Today, most professional players skip or delay college, because the college-age years are considered the prime period for players in the big leagues. Playing at the professional level requires far too much time for practice and travel to tournaments to allow them to also attend school.

Conan Liu, a student at Berkeley, took a year off from school to play "StarCraft II" professionally after his school team won the Azubu championship. Liu returned to school this fall to focus on pre-med studies because he did not perform as well as he had hoped in the pros. While even bench warmers in the National Basketball Association make more than $500,000 a year, the same is not true of professional gamers.

"You have to really be at the top, top to make a nice living," Liu said.

Game companies and collegiate league organizers predict that college e-sports could become a pipeline for the growing professional circuit. Game companies say they are awarding scholarship money at college tournaments, rather than unrestricted cash prizes, to give students an incentive to continue their studies.

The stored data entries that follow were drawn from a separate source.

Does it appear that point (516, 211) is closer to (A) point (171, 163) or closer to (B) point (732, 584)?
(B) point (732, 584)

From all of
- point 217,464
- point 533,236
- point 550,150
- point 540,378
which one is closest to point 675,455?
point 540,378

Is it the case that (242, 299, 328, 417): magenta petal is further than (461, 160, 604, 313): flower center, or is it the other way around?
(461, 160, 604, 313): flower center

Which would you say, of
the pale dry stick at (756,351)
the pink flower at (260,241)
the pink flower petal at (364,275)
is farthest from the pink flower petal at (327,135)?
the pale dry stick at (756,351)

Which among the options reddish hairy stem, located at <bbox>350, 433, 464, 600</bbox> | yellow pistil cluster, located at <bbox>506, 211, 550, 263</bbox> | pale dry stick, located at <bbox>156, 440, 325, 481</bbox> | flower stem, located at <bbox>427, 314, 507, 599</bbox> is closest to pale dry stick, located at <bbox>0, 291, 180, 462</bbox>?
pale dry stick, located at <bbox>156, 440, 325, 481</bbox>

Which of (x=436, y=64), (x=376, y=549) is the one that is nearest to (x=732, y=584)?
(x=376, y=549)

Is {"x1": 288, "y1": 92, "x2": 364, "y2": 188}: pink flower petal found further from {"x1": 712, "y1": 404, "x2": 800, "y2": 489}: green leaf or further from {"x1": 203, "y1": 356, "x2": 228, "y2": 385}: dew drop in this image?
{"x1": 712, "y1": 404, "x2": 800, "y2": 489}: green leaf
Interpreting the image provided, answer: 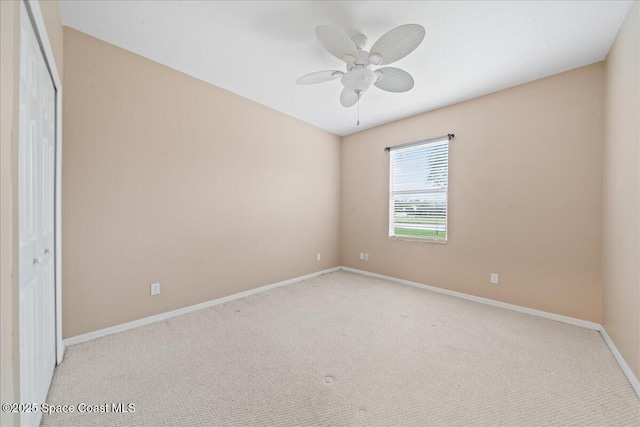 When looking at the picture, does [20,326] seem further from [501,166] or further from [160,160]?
[501,166]

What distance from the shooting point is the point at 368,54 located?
72.3 inches

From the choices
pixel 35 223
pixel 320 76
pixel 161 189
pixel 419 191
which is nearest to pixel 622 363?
pixel 419 191

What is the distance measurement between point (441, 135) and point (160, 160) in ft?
11.1

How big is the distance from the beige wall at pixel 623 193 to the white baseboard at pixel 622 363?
41mm

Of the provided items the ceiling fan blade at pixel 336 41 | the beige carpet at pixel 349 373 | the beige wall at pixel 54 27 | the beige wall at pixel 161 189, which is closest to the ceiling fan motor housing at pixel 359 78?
the ceiling fan blade at pixel 336 41

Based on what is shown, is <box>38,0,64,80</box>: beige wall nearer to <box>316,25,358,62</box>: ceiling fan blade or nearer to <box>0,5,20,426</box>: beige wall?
<box>0,5,20,426</box>: beige wall

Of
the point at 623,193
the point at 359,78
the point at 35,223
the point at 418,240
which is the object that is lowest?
the point at 418,240

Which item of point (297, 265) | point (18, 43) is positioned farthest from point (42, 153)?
point (297, 265)

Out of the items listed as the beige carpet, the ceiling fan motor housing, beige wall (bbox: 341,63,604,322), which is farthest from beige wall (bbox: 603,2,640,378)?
the ceiling fan motor housing

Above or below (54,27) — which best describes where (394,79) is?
below

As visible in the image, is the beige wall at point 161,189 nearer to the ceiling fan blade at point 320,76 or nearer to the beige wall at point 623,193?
the ceiling fan blade at point 320,76

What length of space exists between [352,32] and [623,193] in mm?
2392

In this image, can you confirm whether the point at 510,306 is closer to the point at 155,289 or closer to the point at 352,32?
the point at 352,32

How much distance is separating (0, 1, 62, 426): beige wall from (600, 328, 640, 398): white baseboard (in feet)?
10.1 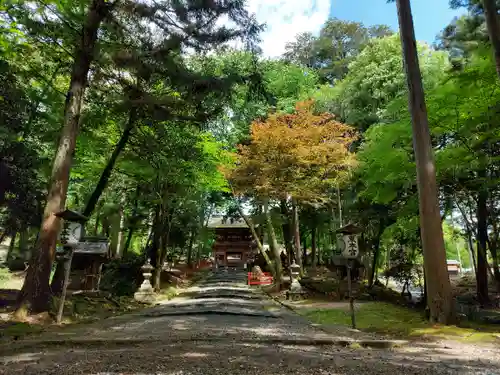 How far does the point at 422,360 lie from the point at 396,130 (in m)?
7.03

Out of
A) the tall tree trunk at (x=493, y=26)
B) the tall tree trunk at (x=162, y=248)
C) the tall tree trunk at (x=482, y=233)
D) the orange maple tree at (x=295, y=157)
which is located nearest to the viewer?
the tall tree trunk at (x=493, y=26)

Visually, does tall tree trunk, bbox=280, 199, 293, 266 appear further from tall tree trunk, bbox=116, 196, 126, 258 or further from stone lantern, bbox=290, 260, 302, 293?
tall tree trunk, bbox=116, 196, 126, 258

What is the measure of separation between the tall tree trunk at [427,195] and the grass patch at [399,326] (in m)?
0.52

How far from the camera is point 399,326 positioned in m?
7.98

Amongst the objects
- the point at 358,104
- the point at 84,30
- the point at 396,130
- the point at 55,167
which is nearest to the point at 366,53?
the point at 358,104

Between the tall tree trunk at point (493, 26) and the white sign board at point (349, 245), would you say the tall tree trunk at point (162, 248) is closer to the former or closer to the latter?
the white sign board at point (349, 245)

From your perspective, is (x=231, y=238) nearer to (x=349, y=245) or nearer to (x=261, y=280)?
(x=261, y=280)

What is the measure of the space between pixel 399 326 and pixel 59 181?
7986 mm

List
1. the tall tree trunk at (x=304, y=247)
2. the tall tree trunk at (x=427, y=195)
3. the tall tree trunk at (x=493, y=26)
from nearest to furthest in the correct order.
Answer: the tall tree trunk at (x=493, y=26) → the tall tree trunk at (x=427, y=195) → the tall tree trunk at (x=304, y=247)

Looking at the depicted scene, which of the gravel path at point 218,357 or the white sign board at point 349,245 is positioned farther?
the white sign board at point 349,245

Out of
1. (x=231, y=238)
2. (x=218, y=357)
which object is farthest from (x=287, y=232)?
(x=218, y=357)

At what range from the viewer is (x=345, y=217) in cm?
Answer: 1917

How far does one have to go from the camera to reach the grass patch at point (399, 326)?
6605 mm

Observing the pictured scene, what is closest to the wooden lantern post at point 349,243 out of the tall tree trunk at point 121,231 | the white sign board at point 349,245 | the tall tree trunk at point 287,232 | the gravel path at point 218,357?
the white sign board at point 349,245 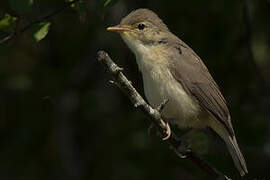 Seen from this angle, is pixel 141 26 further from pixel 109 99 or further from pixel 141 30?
pixel 109 99

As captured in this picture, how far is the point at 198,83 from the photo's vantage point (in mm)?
4992

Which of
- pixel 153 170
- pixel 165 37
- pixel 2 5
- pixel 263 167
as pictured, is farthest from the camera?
pixel 263 167

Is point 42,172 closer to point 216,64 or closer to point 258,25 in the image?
point 216,64

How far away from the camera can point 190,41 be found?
20.0 feet

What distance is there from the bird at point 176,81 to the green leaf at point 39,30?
0.98 metres

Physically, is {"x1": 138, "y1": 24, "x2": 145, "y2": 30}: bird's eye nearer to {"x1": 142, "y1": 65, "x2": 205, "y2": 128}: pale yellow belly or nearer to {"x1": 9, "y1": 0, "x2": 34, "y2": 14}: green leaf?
{"x1": 142, "y1": 65, "x2": 205, "y2": 128}: pale yellow belly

"We really want e-sports to become as ingrained in the academic environment as anything else - speech competitions, football competitions," said Tyler Rosen, president of The e-Sports Association, which helps organize college events with the financial support of Blizzard Entertainment.

A test of what happens when schools embrace e-sports started recently at Robert Morris University-Illinois. The first 35 students to receive athletic scholarships under the school's new e-sports program began training this fall in a room decked out with jet black walls, mood lighting and leather gamer chairs with red piping.

The students, all "League of Legends" players, are getting up to 50 percent of the price of tuition and room and board, which runs about $39,000 a year, according to Kurt Melcher, the university's associate athletic director. Melcher said he had received more than half a dozen calls from athletic directors at other universities who are interested in incorporating e-sports into their programs.

The idea came to Melcher, a gamer, this year after he started reading about the Collegiate StarLeague. A conversation with his wife dispelled any doubts he had about awarding athletic scholarships to gamers.

Melcher said his wife asked, "Why should it only be given to some kid who can put a ball into a hole?"